Produced by Audrey Longhurst, Michael Ciesielski and PG Distributed Proofreaders

THE BOOMING OF ACRE HILL

AND OTHER REMINISCENCES OF URBAN AND SUBURBAN LIFE

[Illustration: "I'll Never, Never, Never, So Long As I Live"]

The Booming of Acre Hill

By

John Kendrick Bangs

Illustrations

By C. Dana Gibson

Published 1902 in New York and London

TO

WILLIAM LIVERMORE KINGMAN

WITH AFFECTIONATE REGARDS

These stories by Mr. Bangs have appeared from time to time in _The Ladies Home Journal, The Woman's Home Companion_, and the various publications of Messrs. HARPER & BROTHERS.

CONTENTS

THE BOOMING OF ACRE HILL

THE STRANGE MISADVENTURES OF AN ORGAN

THE PLOT THAT FAILED

THE BASE INGRATITUDE OF BARKIS, M.D.

THE UTILITARIAN MR. CARRAWAY

THE BOOK SALES OF MR. PETERS

THE VALOR OF BRINLEY

WILKINS

THE MAYOR'S LAMPS

THE BALANCE OF POWER

JARLEY'S EXPERIMENT

JARLEY'S THANKSGIVING

HARRY AND MAUDE AND I--ALSO JAMES

AN AFFINITIVE ROMANCE: I. MR. AUGUSTUS RICHARDS'S IDEAL II. MISS HENDERSON'S STANDARD III. A GLANCE AT MISS FLORA HENDERSON HERSELF IV. A BRIEF GLIMPSE OF MR. AUGUSTUS RICHARDS V. CONCLUSION

MRS. UPTON'S DEVICE: I. THE RESOLVE II. A SUCCESSFUL CASE III. A SET-BACK IV. THE DEVICE

ILLUSTRATIONS

"I'LL NEVER, NEVER, NEVER, SO LONG AS I LIVE"

DURING THE INTERMEZZO

THE BOOMING OF ACRE HILL

Acre Hill ten years ago was as void of houses as the primeval forest. Indeed, in many ways it suggested the primeval forest. Then the Acre Hill Land Improvement Company sprang up in a night, and before the bewildered owners of its lovely solitudes and restful glades, who had been paying taxes on their property for many years, quite grasped the situation they found that they had sold out, and that their old-time paradise was as surely lost to them as was Eden to Adam and Eve.

To-day Acre Hill is gridironed with macadamized streets that are lined with houses of an architecture of various degrees of badness. Where birds once sang, and squirrels gambolled, and stray foxes lurked, the morning hours are made musical by the voices of milkmen, and the squirrels have given place to children and nurse-maids. Where sturdy oaks stood like sentinels guarding the forest folk from intrusion from the outside world now stand tall wooden poles with glaring white electric lights streaming from their tops. And the soughing of the winds in the trees has given place to the clang of the bounding trolley.
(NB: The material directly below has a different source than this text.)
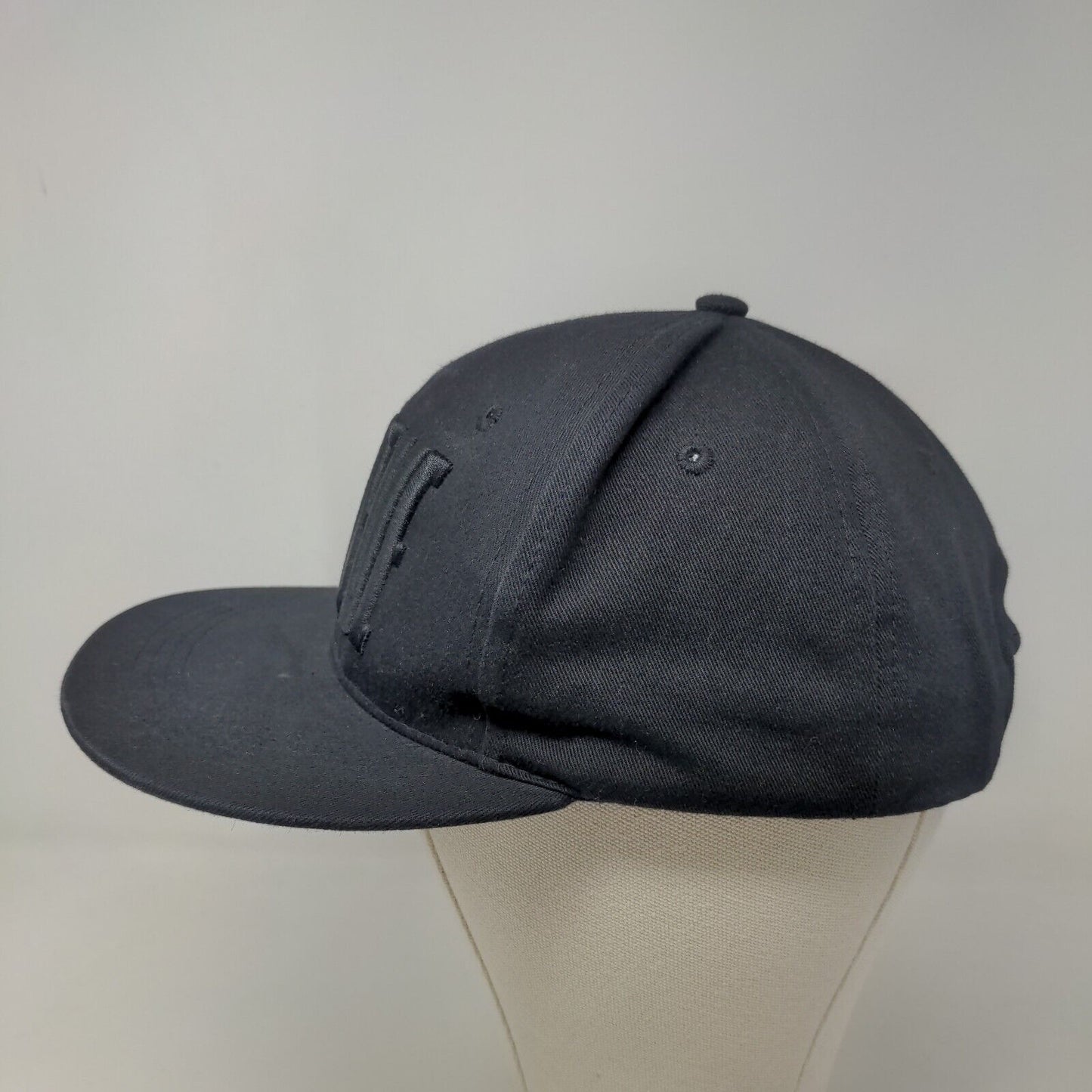 Hands On Originals Christian Men's Snapback Hat Black Embroidered Believe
All this is the work of the Acre Hill Land Improvement Company.

Yet if, as I have said, the Acre Hill Land Improvement Company sprang up in a night, it passed many sleepless nights before it received the rewards which come to him who destroys Nature. And when I speak of a corporation passing sleepless nights I do so advisedly, for at the beginning of its career the Acre Hill Land Improvement Company consisted of one man--a mild-mannered man who had previously labored in similar enterprises, and whose name was called blessed in a thousand uncomfortable houses in uncomfortable suburbs elsewhere, that, like Acre Hill, had once been garden spots, but had been "improved." Even a professional improver of land finds sleep difficult to woo at the beginning of such an enterprise. In the first instance, when one buys land, giving a mortgage in full payment therefor, with the land as security, one appears to have assumed a moderately heavy burden. Then, when to this one adds the enormous expense of cutting streets through the most beautiful of the sylvan glades, the building of sewers, and the erection of sample houses, to say nothing of the strain upon the intellect in the selection of names for the streets and lanes and circles that spring into being, one cannot but wonder how the master mind behind it all manages to survive.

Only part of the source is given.